Why is Large Rabbit Accommodation Important?
Your rabbit’s accommodation is its whole world. Your rabbit cannot hop on the bus to the gym for exercise, pop to the cinema when bored or visit the shops to pick out a new bed to sleep in. As a rabbit owner it is your responsibility to make sure that your rabbit’s accommodation meets all of its physical and mental needs.
Room to Move
Rabbit’s bodies are designed to spend the day hopping around a field grazing. When pet rabbits are not given adequate space and opportunity to move around, the resulting lack of exercise can have serious consequences for their health, including:
- Osteoporosis (weak bones) which increases the risk of breaks to the legs and spinal injuries.
- Obesity, which itself causes other secondary problems such as sore hocks, an inability to groom properly and increased risk of flystrike.
- Muscle wastage, particularly in the hindquarters, which can affect a rabbit’s ability to hop normally and move around. This leads to the same possible complications as obesity.
- Heart problems; a lack of physical activity increases the risk of heart attacks.
Room to Behave Like a Rabbit
If a rabbit does not have the space to exercise then it does not have the space to exhibit normal rabbit behaviour.

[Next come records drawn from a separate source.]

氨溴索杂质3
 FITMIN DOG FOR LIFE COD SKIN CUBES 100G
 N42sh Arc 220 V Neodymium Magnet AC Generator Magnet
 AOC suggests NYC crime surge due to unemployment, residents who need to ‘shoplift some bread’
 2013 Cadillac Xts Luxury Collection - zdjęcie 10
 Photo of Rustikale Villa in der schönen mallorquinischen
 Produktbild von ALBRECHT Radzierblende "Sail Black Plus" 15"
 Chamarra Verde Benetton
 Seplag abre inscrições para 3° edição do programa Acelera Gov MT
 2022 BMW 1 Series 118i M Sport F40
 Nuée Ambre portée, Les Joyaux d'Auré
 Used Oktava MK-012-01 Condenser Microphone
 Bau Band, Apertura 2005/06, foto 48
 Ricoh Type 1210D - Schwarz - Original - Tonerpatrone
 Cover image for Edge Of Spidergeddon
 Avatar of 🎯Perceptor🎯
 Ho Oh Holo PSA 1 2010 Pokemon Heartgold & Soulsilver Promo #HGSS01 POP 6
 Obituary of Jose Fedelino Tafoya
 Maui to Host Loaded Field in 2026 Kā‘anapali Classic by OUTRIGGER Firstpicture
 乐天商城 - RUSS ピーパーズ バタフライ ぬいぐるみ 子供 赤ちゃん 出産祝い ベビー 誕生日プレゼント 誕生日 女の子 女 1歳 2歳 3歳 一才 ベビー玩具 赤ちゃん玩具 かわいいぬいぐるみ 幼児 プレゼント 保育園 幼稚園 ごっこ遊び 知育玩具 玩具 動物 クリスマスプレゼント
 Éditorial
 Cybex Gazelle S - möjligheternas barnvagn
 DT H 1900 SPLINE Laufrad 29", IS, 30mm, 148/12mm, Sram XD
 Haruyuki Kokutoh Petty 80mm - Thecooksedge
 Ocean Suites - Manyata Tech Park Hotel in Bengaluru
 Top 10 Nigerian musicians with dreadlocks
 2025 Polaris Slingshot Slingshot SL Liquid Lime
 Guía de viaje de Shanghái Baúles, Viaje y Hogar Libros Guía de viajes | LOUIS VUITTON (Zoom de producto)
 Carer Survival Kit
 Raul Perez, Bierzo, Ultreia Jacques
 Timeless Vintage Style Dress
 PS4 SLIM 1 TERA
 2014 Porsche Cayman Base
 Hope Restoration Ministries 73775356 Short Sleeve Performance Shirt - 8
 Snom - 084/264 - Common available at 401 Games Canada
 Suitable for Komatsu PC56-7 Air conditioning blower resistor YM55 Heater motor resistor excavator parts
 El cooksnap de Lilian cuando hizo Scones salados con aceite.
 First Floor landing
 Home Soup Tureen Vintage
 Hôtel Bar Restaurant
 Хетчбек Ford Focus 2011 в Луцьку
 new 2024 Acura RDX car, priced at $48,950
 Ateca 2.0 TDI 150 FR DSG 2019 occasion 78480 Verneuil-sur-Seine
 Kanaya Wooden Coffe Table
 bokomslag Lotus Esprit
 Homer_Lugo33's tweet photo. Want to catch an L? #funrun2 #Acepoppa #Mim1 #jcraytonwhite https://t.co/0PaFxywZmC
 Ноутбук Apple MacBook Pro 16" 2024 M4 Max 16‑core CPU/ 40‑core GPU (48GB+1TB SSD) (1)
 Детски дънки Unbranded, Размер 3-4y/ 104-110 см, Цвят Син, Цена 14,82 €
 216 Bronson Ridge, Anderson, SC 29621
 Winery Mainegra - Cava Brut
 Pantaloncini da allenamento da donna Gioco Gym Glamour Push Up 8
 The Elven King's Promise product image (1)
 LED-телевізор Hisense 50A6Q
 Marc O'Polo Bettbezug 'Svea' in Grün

This can lead to behaviour problems including:
- Abnormal, often repetitive, behaviour such as over grooming or chewing the cage bars.
- Destructive behaviour such as eating their enclosure, chewing wallpaper, or destroying their owner’s belongings.
- Apathy, spending all their time resting in one position and not interacting with their environment.
These are signs your rabbit is slowly going crazy from being locked in a box with no mental stimulation.
Good housing isn’t just about space to run around, it also gives you the space to add toys and activities to provide your rabbit with mental stimulation.